Giyōfū architecture (擬洋風建築, Giyōfū-kenchiku) was a style of Japanese architecture which outwardly resembled Western-style construction but relied on traditional Japanese techniques. It flourished during the early Meiji period, and disappeared as knowledge of Western techniques became more widespread.

Giyōfū style buildings were built by Japanese carpenters using traditional construction techniques, but with a layout and external ornamentation based on observation of Western-style buildings in person or in photographs, or based on design books such as the Shinsen Hinagata Taisho Daisen, which offered molding designs which could be reproduced. Many of these buildings were symmetric and made use of porticoes or verandahs with columns, classical pediments, sash windows, and ornamental gables.

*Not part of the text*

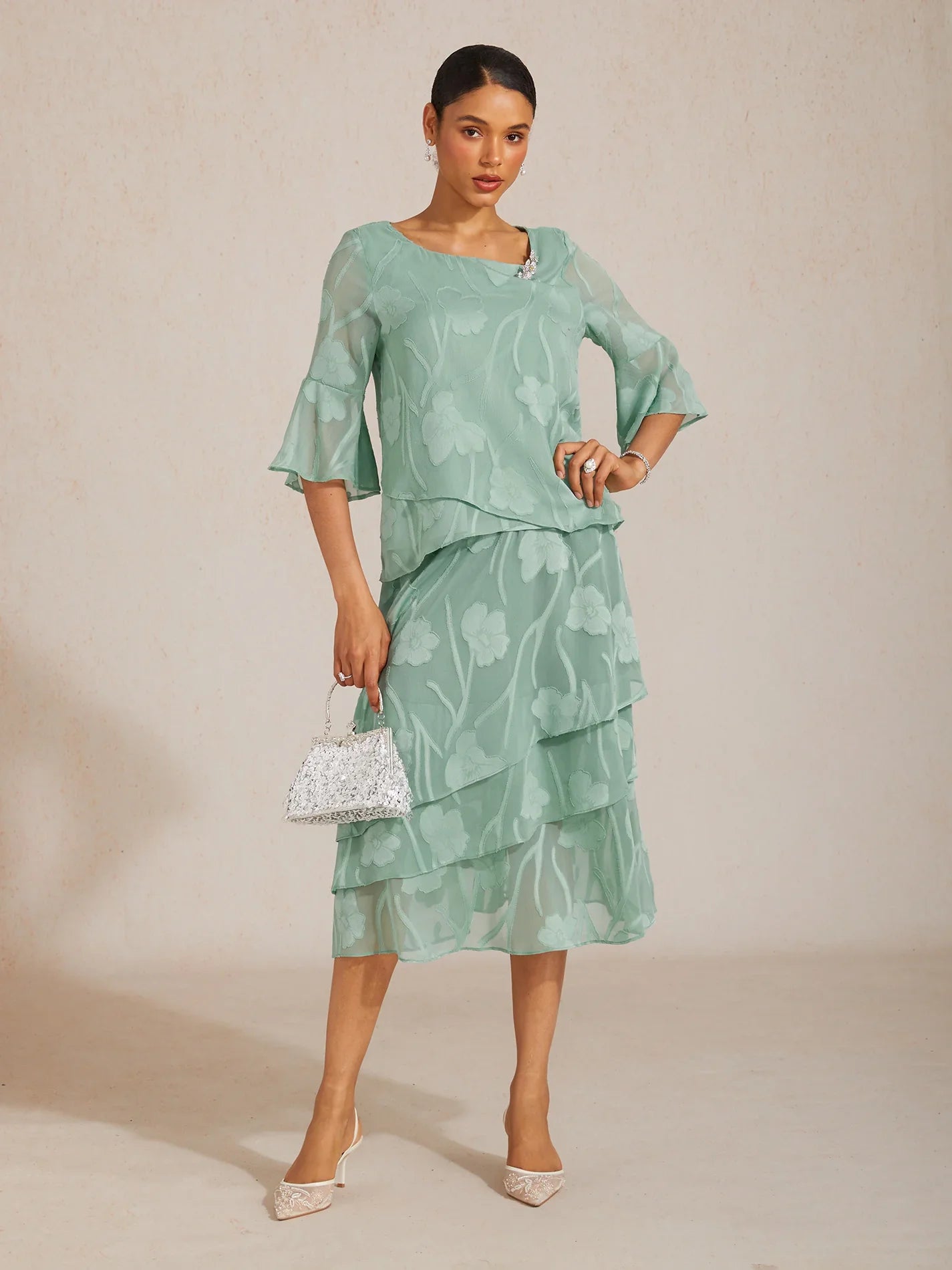Blouse en chiffon avec des bords asymétriques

Giyōfū style buildings often contained Dutch, British, French, and/or Italian architectural elements, combined with a Japanese-style roof. The Japanese roofs on Western-faced Japanese timber frames became signifiers of giyōfū architecture. The clearest evidence for this is in the karahafu and mukuri roofs, as well as common use of shoji-style windows sometimes attached to these Western-influenced structures.

==History==
Giyōfū style architecture comes out of the port city Yokohama. The port city boomed and becomes a melting-pot in the 1870s–1880s. This style quickly spreads throughout Japan as well as into Korea and China. Western influences can be traced back to 1860s.

In the 1870s, with the introduction of architecture as part of the curriculum at the Imperial College of Engineering under Josiah Conder led to the adoption of true Western-style architecture, and the Giyōfū style was gradually superseded.

In the nineteenth century, Giyōfū was gradually fading out as the lines between Japanese and western-style became blurry.